PROBLEM DETAILS - Find the line containing "Видео: СРОЧНО! ЭТО" in the listing below; reproduce it and every line after, exactly. Skip pictures.

DATASET EXTRACT -

# # # # # # #

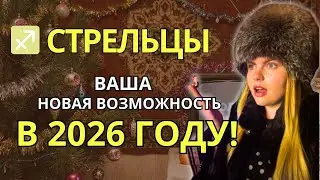 СТРЕЛЕЦ ♐️ ПРОГНОЗ 2026. Когда удача работает на вас #гороскоп #астропрогноз2026 #стрелец2026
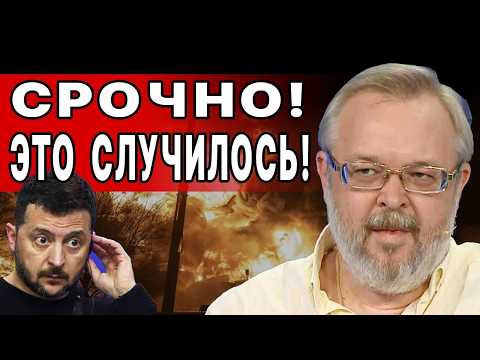 Видео: СРОЧНО! ЭТО СЛУЧИЛОСЬ! НОВЫЙ ШОК ДЛЯ ЗЕЛЕНСКОГО! ЕРМОЛАЕВ: ПРЯМОЙ ЭФИР!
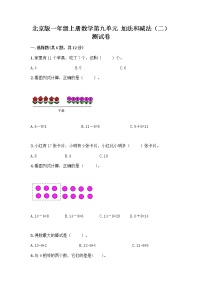 小学北京版九 加法和减法（二）同步训练题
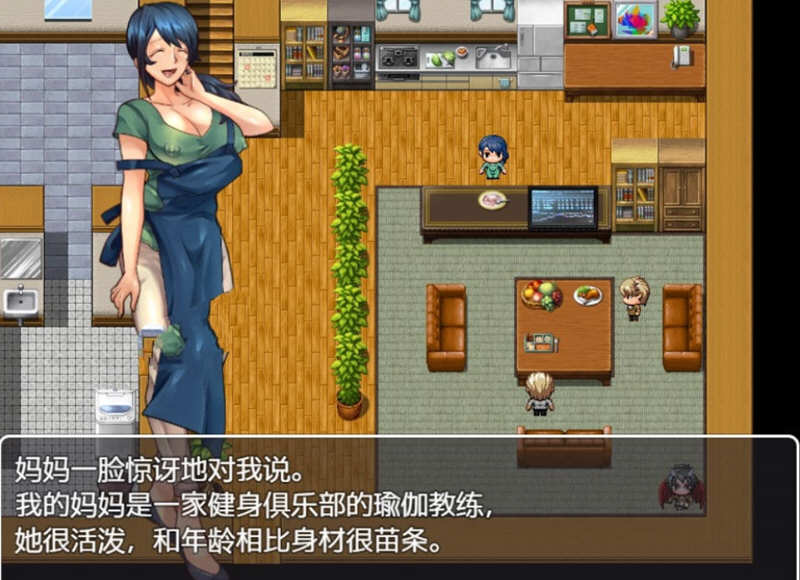 图片[4]-疏忽大意的妹妹 精翻汉化完结版 PC+安卓+全CG 1.2G-樱花社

# # # # # # #

OUTPUT BELOW -
 Видео: СРОЧНО! ЭТО СЛУЧИЛОСЬ! НОВЫЙ ШОК ДЛЯ ЗЕЛЕНСКОГО! ЕРМОЛАЕВ: ПРЯМОЙ ЭФИР!
 小学北京版九 加法和减法（二）同步训练题
 图片[4]-疏忽大意的妹妹 精翻汉化完结版 PC+安卓+全CG 1.2G-樱花社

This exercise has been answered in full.